Tempel des Olympischen Zeus: Athens ehrgeizigstes antikes Monument

Der Tempel des Olympischen Zeus brauchte fast 700 Jahre bis zur Fertigstellung und war einst der größte Tempel Griechenlands. Heute ragen noch 15 der ursprünglich 104 korinthischen Säulen über das Zentrum Athens auf (eine 16. liegt umgestürzt auf dem Boden) – eine der stimmungsvollsten antiken Stätten der Stadt. Hier erfährst du alles, was du für einen gelungenen Besuch brauchst.

Fakten im Überblick

Lage
Leoforos Vasilissis Olgas & Leoforos Amalias, Athen 105 57 — ca. 500 m südöstlich der Akropolis
Anfahrt
Metro-Station Akropoli (Linie 2), ca. 9 Minuten zu Fuß; auch vom Syntagma-Platz erreichbar (Metro-Linien 2 und 3).
Zeitbedarf
45–75 Minuten vor Ort; mehr Zeit einplanen, wenn du gleichzeitig den Hadriansbogen und den umliegenden Park besichtigst
Kosten
6 € regulär / 3 € ermäßigt (Einzelticket auf hhticket.gr; vor dem Besuch überprüfen)
Am besten für
Antike Geschichte, Architektur-Fotografie und Besucher, die mehrere archäologische Stätten an einem Tag kombinieren
Die beeindruckenden korinthischen Säulen des Tempels des Olympischen Zeus ragen unter blauem Himmel in Athen empor, im Hintergrund ist die Akropolis zu sehen.

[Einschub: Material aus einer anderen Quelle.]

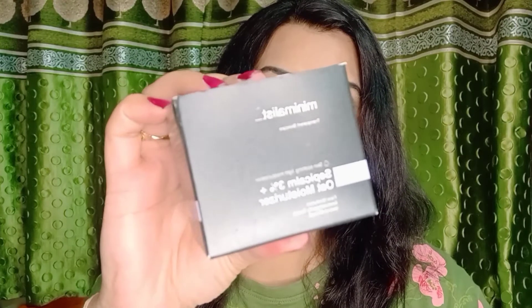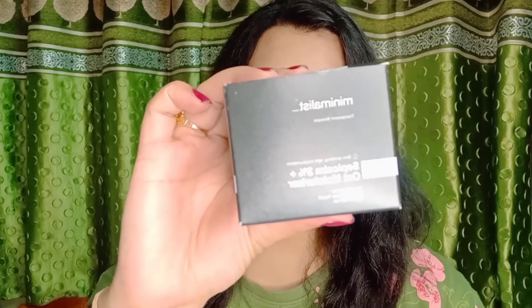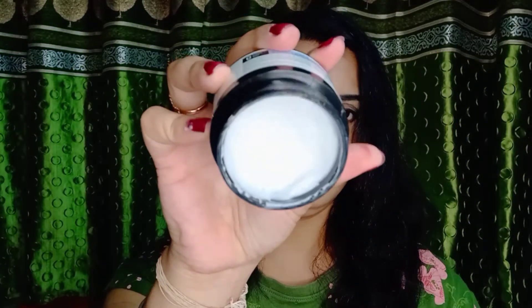The next skincare product is from Minimalist — the Sepicalm 3% plus Oat Moisturizer, a skin-soothing, light moisturizer. This is the outer packaging, priced at 349 with a discounted price of 332. The inner formula is very lightweight and gel-like, non-greasy, and blends out very well. It has a mild fragrance.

Was du hier eigentlich siehst

Der Tempel des Olympischen Zeus, auch Olympieion genannt, erhebt sich auf einer großen, flachen Terrasse knapp südöstlich des Akropolishügels im Herzen Athens. Was dich am Eingang erwartet, ist beeindruckend: fünfzehn gewaltige korinthische Säulen, etwa 15 bis 17 Meter hoch, in einem lockeren Cluster gegen den Himmel gestellt. Sie sind die Überlebenden von einst 104 – 15 stehen noch aufrecht. Die sechzehnte stürzte 1852 bei einem Sturm um und liegt genau dort, wo sie fiel: ein zusammengebrochener Stapel trommelförmiger Marmorsegmente, hingestreckt auf dem Rasen. Sie blieb bewusst liegen – ein ungeplantes Ausstellungsstück für sich.

Die Säulen sind nicht vom schmalen, eleganten Typ, wie man ihn von klassischen Tempeln kennt. Sie sind massig, tief kanneliert und mit den aufwändigen Akanthusblatt-Kapitellen bekrönt, die die korinthische Ordnung ausmachen. Aus der Nähe wird die Dimension körperlich spürbar, nicht mehr abstrakt. Der Durchmesser jedes Säulensockels beträgt etwa 1,7 Meter. Wenn du daneben stehst, begreifst du den ursprünglichen Anspruch dieses Monuments auf eine ganz neue Weise.

ℹ️ Gut zu wissen

Die aktuellen Öffnungszeiten sind 08:00–15:00 Uhr (letzter Einlass 14:30 Uhr), können sich aber saisonal verschieben. Prüfe die aktuellen Zeiten vor deinem Besuch beim griechischen Kulturministerium.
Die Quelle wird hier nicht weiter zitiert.